As far as spiritism is concerned, I stay the hell away from it. I am convinced that there are indeed demonic forces that do influence certain people and practices such as witchcraft, black magic, and other other practices. A member of my family dabbled into witchcraft many years ago, and there were many unpleasant consequences that resulted.
As far as God goes, I hold many of the same sentiments as Synergy expressed in her post. I could not have said it better than she did. I no longer pray for selfish wants or favors, but instead pray that my needs are met and guidance in doing God's will. Actually, my faith in God has increased tremendously since leaving the organization.
To Ringo5:
I can understand how you feel. Actually, you made some very good points. I remember a brother giving a talk at an assembly and relating an experience of how a brother decided not to take a lucrative job inside the World Trade Center because of his ministry. His job would have started just days before 9/11, and he would have died. Therefore, his life was saved. There was a thunderous applause in the auditorium. I rember hearing this talk and saying: "Yeah, that's wonderful! What about the several Witnesses who did die in the attack?" The yearbooks were filled with stories of how Witnesses lives were "miraculously" spared while they were in the ministry. Yet, they usually fail to mention the times when Witnesses died in accidents, natural disasters, or while in service were captured by muslim terrorists and beheaded.

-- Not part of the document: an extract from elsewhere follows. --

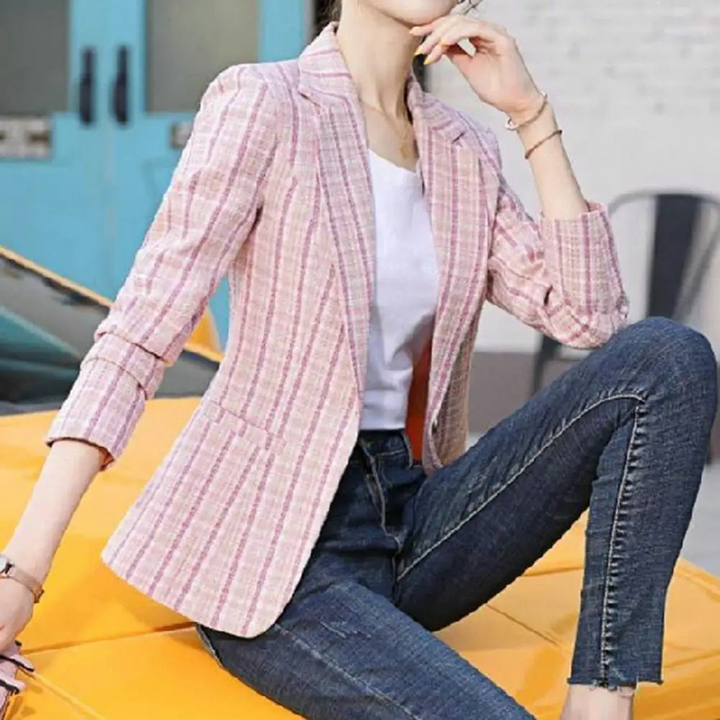 Juno | Women's Single-Button Check Blazer - Pink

But here is something to consider. This may sound very silly to you. It did to me, until I started doing a little more research. Try researching some of the teachings behind Karma, and specifically the concepts of "Karmic Inheritence". They may seem bizarre, but they do answer many unanswered questions regarding the time of people's death and the various "twists of fate". I am not prone to grab onto these concepts and just buy into them, but I have seriously considered them and asked myself: "What if?" "What if I really am accountable for all of my actions in an afterlife?" "What if I really am accountable, in that I how I live and treat others in my life will come back to me in the next life?" The truth is, I really don't know for sure. But what I do know, is that taking the small, simple actions of gaining a "God conscousness" in my life has definately been rewarding and made me happier.
I went through a period of great cynicism and asked myself why even bother with prayer and God consciousness. But a couple of spiritual teachers I knew told me to just do it and have an open mind. I have found that my level of joy and peace has increased remarkably since engaging in intense prayer, and striving to always do good toward others in everything I do. I have found that surrendering to God has actually freed me from most of the fears about current world condtions that are going on right now. They don't have any power over me any more.
I think a quote by Herbert Spencer is appropriate. He wrote:
"There is a principle which is a bar against all information, which is proof against all arguments and which cannot fail to keep a man in everlasting ignorance - that principle is contempt prior to investigation."